Change is so difficult—and so necessary

Which sock do you put on first, right or left?
Whichever one it is, I bet you choose the same foot, every time. Most people do. It’s the same with trousers; people tend to start with their dominant foot or leg. Once the routine is established, they stick with it. It’s an unconscious act, repeated day after day after day.
Try changing your sequence. You will find your brain becoming really uncomfortable and resisting. It is being asked to flip something that is a deep, unexamined pattern. It will feel jarring, awkward, even just plain wrong. This reveals the key problem with any kind of change: it’s really difficult, and we really resist it.
Why do we resist? It’s not the change per se being resisted; it’s the feeling of looming incompetence, discomfort, disorientation. Unconscious routines make us feel we are in control. Change disrupts that comfort.
This is why most “change management” initiatives in organizations just fail. Humans perceive any deviation from the current state as potential loss—even when the change is likely to be beneficial. We don’t see change as gain—we sense it as loss.
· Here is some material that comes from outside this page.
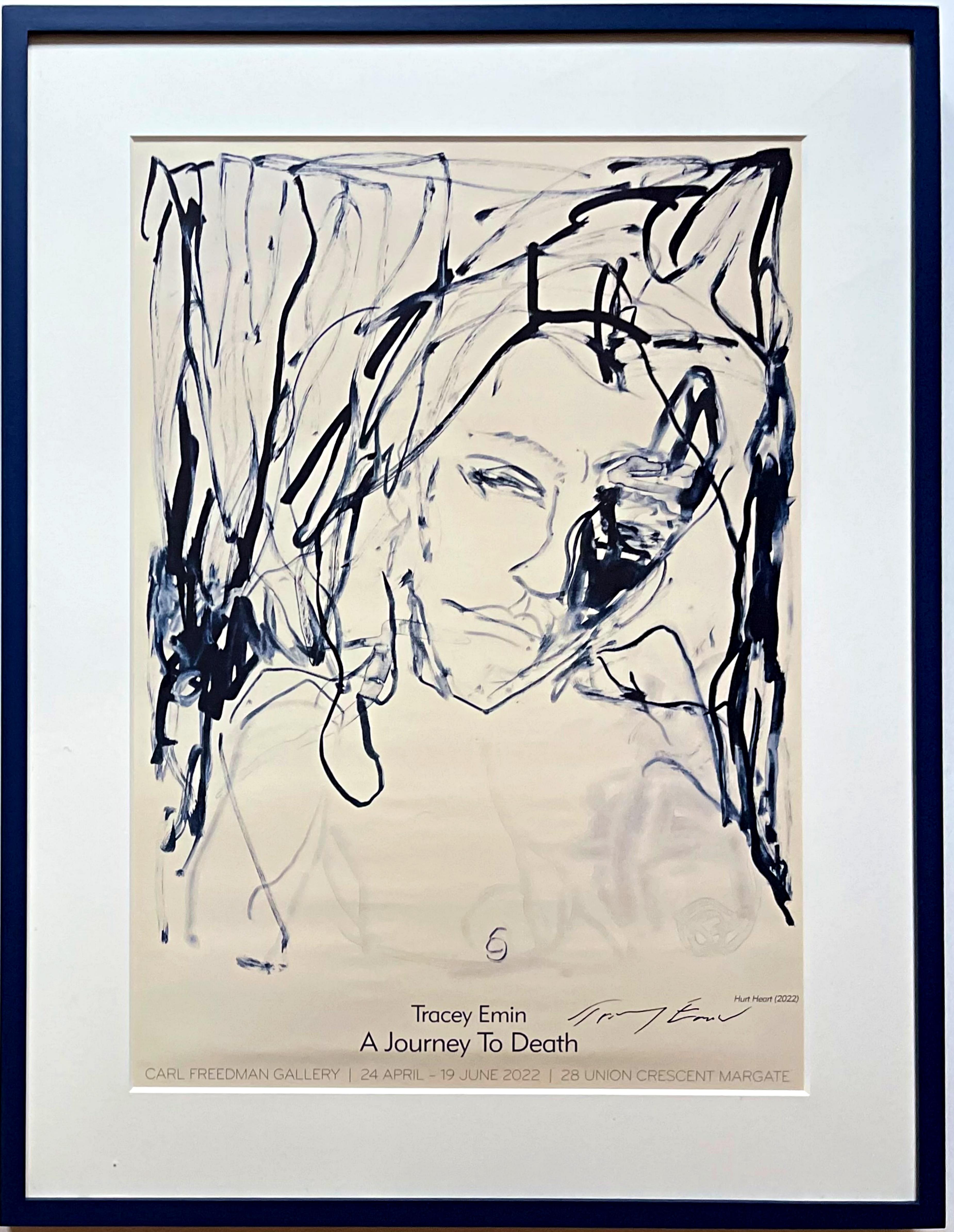 Tracey Emin - A Journey to Death UK Poster (Handsigniert von Tracey Emin) Gerahmt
And when emotion and intellect join forces to resist, good luck breaking through.
And yet. Change we must. For our own survival, adaptation to ever-changing circumstances is vital. Most crucially, we only grow through change. New skills, new perspectives, deeper wisdoms—they don’t come from standing still. They require movement. They demand that we stop putting the same sock on first, every time.
Change need not come as a lightning bolt. It can start life as a quiet murmur, a gentle tug at the edges of your knowing. A sense that the path you have walked on so faithfully for so long, may now be asking you to step aside. Not out of failure, but ripeness. The fruit is formed, and it must fall to give way to something new. Wisdom isn’t just in staying the course—it’s in accepting that the course has run its arc.
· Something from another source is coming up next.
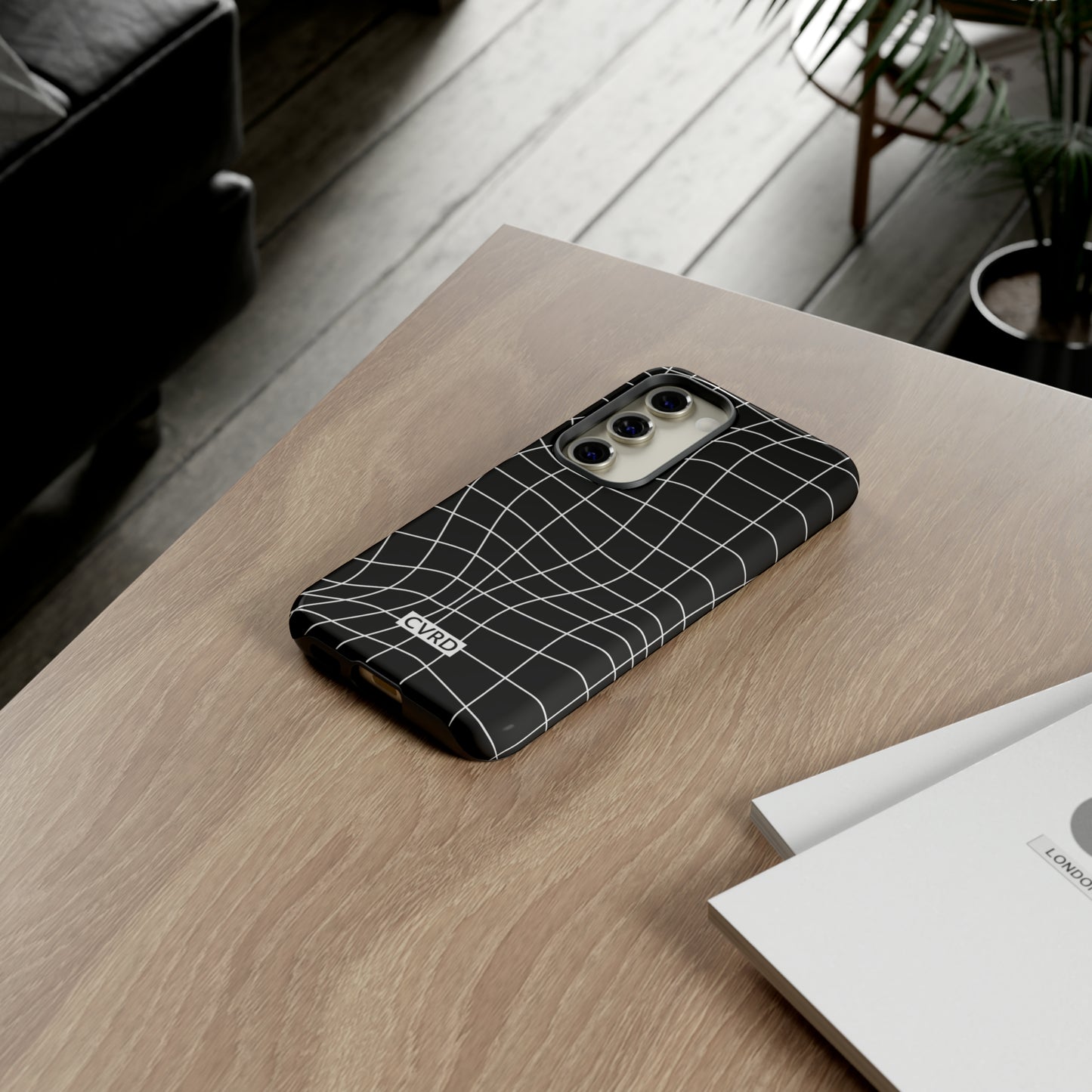 Black Wavy Grid Samsung Phone Case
After all these years, the world has changed—and now, it’s time for me to move on, too.
This is my final column in the Sunday Nation.
I’ve written it week after week, year after year, for more than two decades. Through personal ups and downs, shocks global and local, highs economic and lows political—I’ve shown up here, every Sunday, to think aloud with you. It has been one of the great privileges of my life.
Writing this column for so long has meant growing through so many changes—within myself, within life itself, and alongside my readers. One of the deepest joys has been meeting people now in their settled middle age, telling me they started reading this column as teenagers. That long companionship—the privilege of evolving together across time—has made it more than worthwhile.
I’ve also outlasted a fair few editors! Yet they all shared one admirable trait: though they tucked me away in the business pages, they gave me full licence to write about whatever the hell I pleased. Some weeks, I dissected the absurdities of management or the oddities of organizations; on others, I veered off-road—into poetic rambles, philosophical detours, or spiritual musings. The freedom was exhilarating. And enormous fun.
If you’ve walked with me through these 1,146 essays—questioned with me, laughed with me, bristled at me—thank you. You gave your time and attention in a world that offers too little of both. That is no small thing, and I am very grateful for it.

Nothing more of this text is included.